Lastly, it’s important to acknowledge limitations in PSM. PSM can solely measure noticed confounding results within the knowledge. Furthermore, poor overlap or a mis-specified propensity mannequin can even trigger inaccurate estimates. Sensitivity analyses strengthen the evaluation, and researchers can use different strategies. For example, inverse chance weighting or doubly sturdy estimation can be utilized to verify robustness.
Conclusion
Propensity Rating Matching just isn’t so new to the knowledge scientist, and is an extremely highly effective approach for causal inference with observational knowledge. On this weblog, we defined how PSM works in idea and apply utilizing an e-commerce case examine. We exhibit estimation of propensity scores with a logistic regression, match therapy and management items with related scores, verify covariate steadiness with diagnostics like standardized imply variations, and estimate the causal impact on an end result. By matching returning guests with new guests who behaved equally on a web based procuring website, we might seize the position of being a returning customer in figuring out buy chance.

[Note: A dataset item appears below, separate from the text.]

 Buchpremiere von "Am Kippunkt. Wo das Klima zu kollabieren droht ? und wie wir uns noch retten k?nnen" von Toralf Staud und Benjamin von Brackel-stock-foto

Our evaluation confirmed that returning guests do certainly have (even after accounting for his or her shopping conduct) a greater conversion chance.
The method we adopted – Introduction → Propensity Mannequin → Matching → Analysis → Impact Estimation.
After we use PSM, we’d like to pay attention to the choice of covariates (we should contemplate all related confounders), assumptions (overlap between propensity scores), and understand that PSM minimizes bias from noticed covariates however doesn’t take away bias from hidden covariates. Contemplating this, PSM gives an sincere and clear methodology to approximate a trial and infer causality out of your knowledge.
Login to proceed studying and revel in expert-curated content material.